#### Directions:
For every line in the material, output its text exactly and exclude any image it holds.

= Beginning of Section =

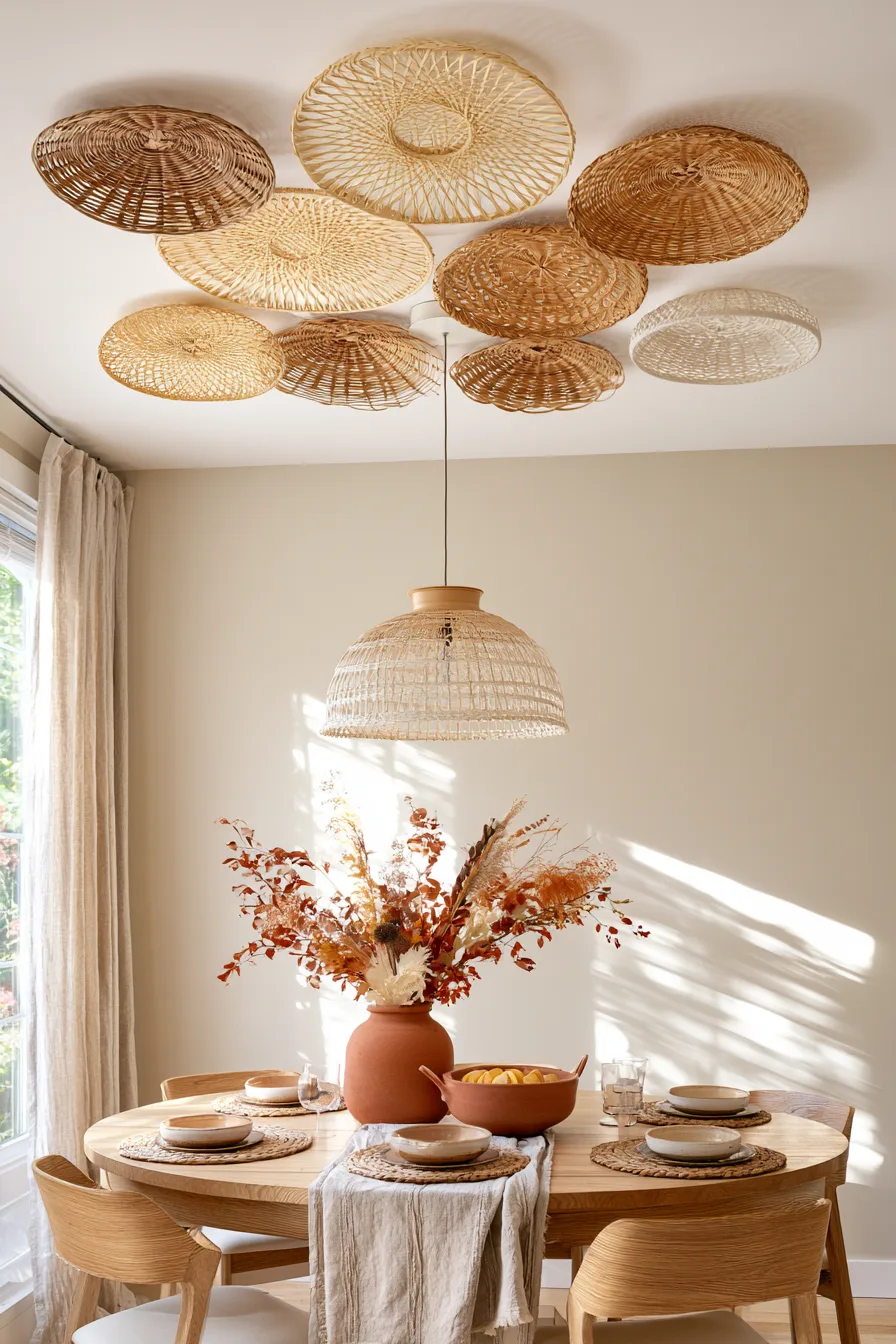 27 Stunning Fall Ceiling Designs That Bring Cozy Seasonal Style Indoors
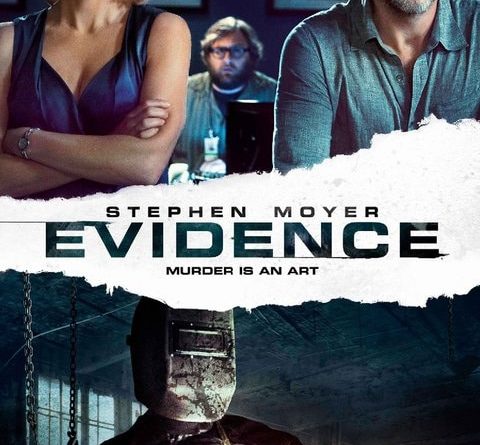 Evidence (2013) (a film review by Mark R. Leeper).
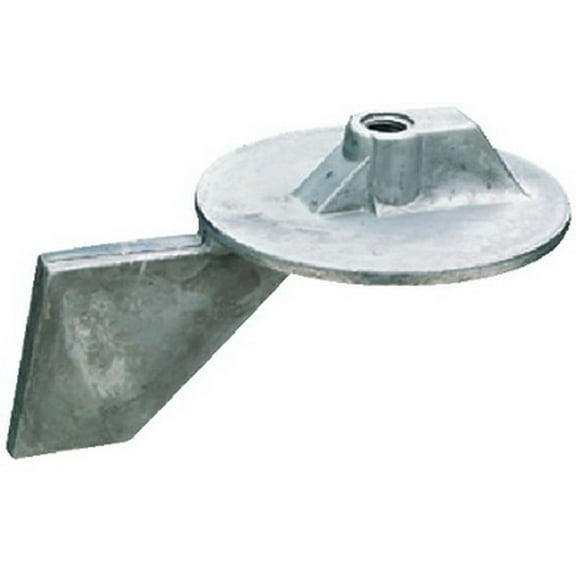 Martyr Anodes CM6884537102Z Yamaha Skeg Anode, Zinc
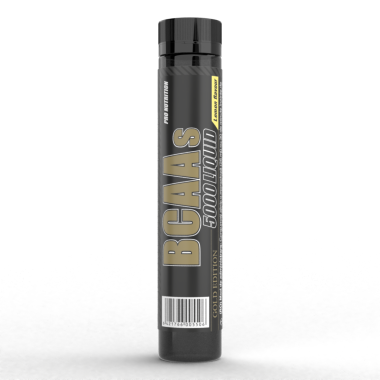 monodoza BCAAs 5000 Liquid 25ml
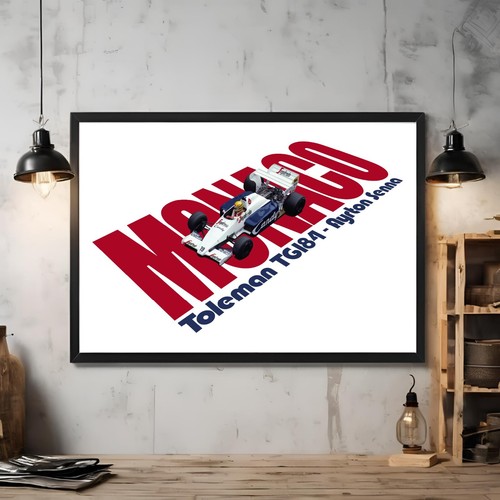 Poster formula racing - formula,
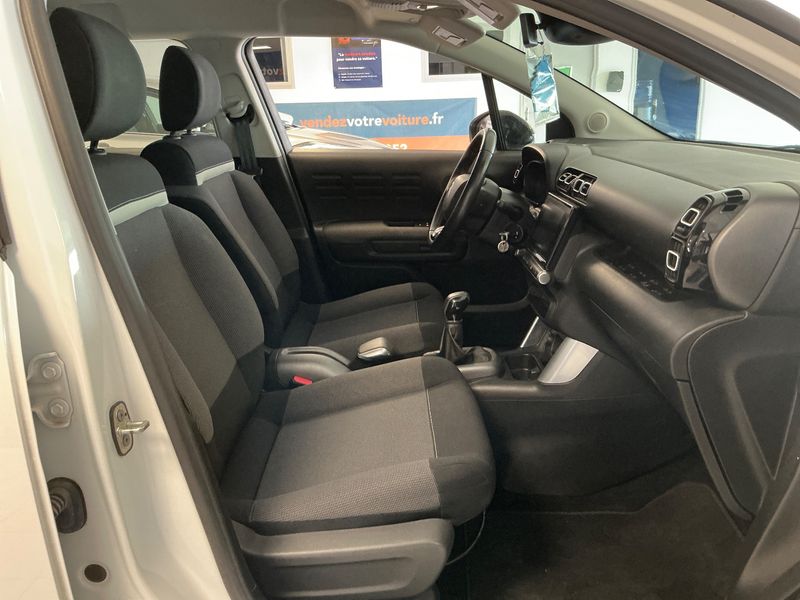 Citroen C3 Aircross 1.2 PureTech Feel — zdjęcie 11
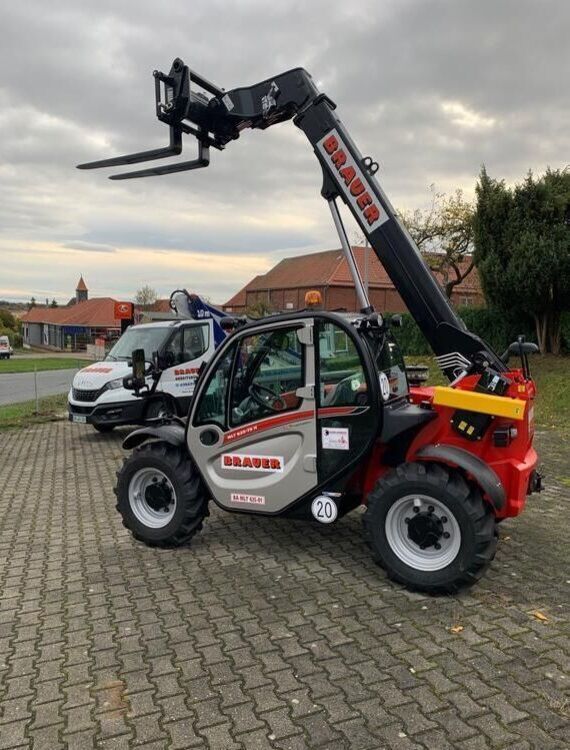 Manitou MLT 625-75 H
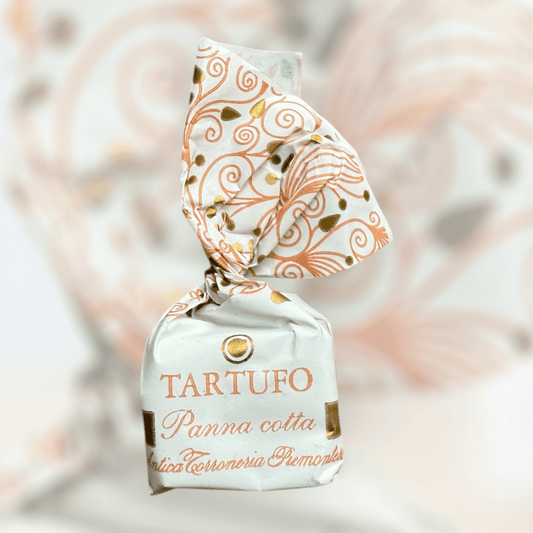 Antica Torroneria Piemontese Tartufi dolci Panna Cotta, 1KG | Gebäck, Pralinen, Snacks | thungourmet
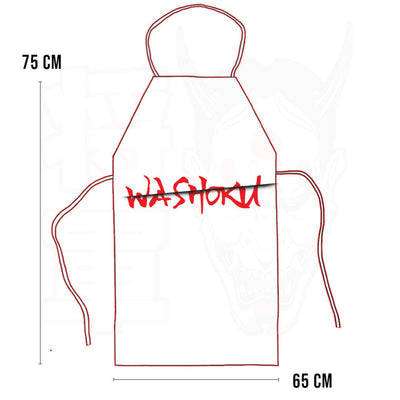 Cat Cooking Apron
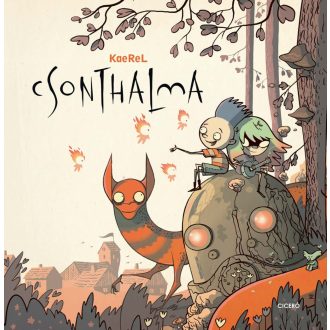 Csonthalma (Képregény) - KaeRel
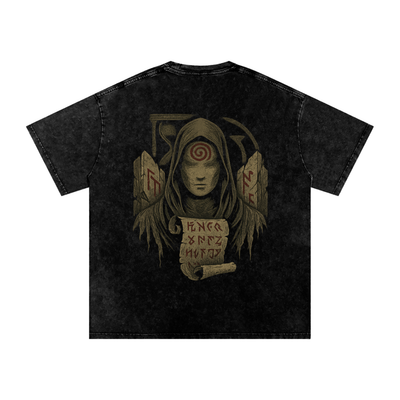 Mystic Spiral Eye – Limited Edition Unisex Graphic T-Shirt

= End of Section =

#### Exercise output:
 27 Stunning Fall Ceiling Designs That Bring Cozy Seasonal Style Indoors
 Evidence (2013) (a film review by Mark R. Leeper).
 Martyr Anodes CM6884537102Z Yamaha Skeg Anode, Zinc
 monodoza BCAAs 5000 Liquid 25ml
 Poster formula racing - formula,
 Citroen C3 Aircross 1.2 PureTech Feel — zdjęcie 11
 Manitou MLT 625-75 H
 Antica Torroneria Piemontese Tartufi dolci Panna Cotta, 1KG | Gebäck, Pralinen, Snacks | thungourmet
 Cat Cooking Apron
 Csonthalma (Képregény) - KaeRel
 Mystic Spiral Eye – Limited Edition Unisex Graphic T-Shirt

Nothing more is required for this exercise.